▶ Dataset entries
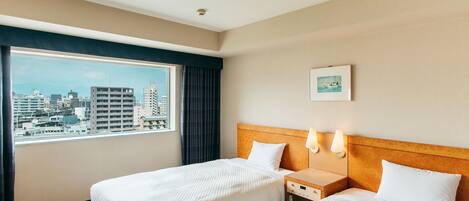 A hotel room with two beds, a large window with a city view, a headboard, bedside lamps, and a small bedside table.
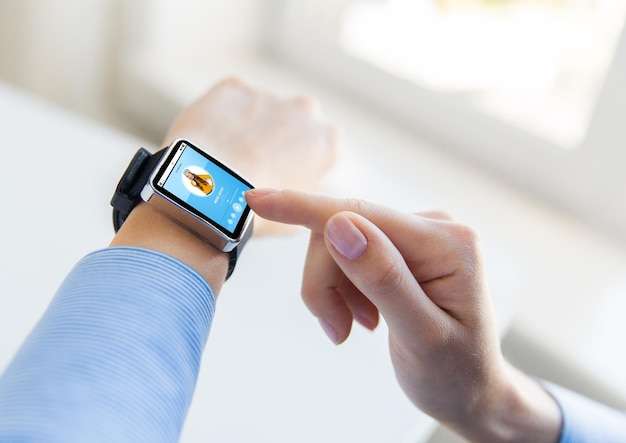 business, modern technology, media and people concept - close up of female hands setting smart watch with music player on screen at office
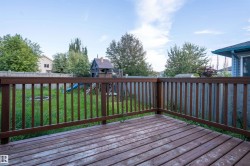 Wood-finish deck with railing overlooking a fenced yard - 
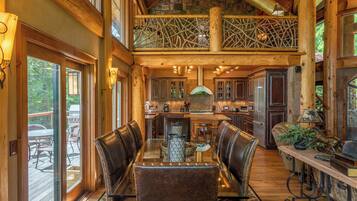 A spacious dining area with a high ceiling and exposed wooden beams, a central island with a sink, and leather-upholstered chairs.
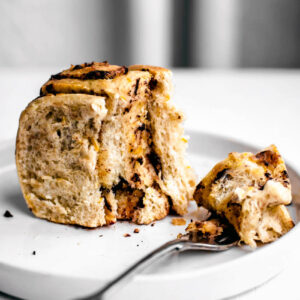 A chocolate and orange filled sweet roll on a small plate with a fork.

▶ Exercise description
Only the lines from the one containing "Wood-finish deck with" through the last line of the entries belong in the answer, given again exactly. Images stay out.

▶ Response box
 Wood-finish deck with railing overlooking a fenced yard - 
 A spacious dining area with a high ceiling and exposed wooden beams, a central island with a sink, and leather-upholstered chairs.
 A chocolate and orange filled sweet roll on a small plate with a fork.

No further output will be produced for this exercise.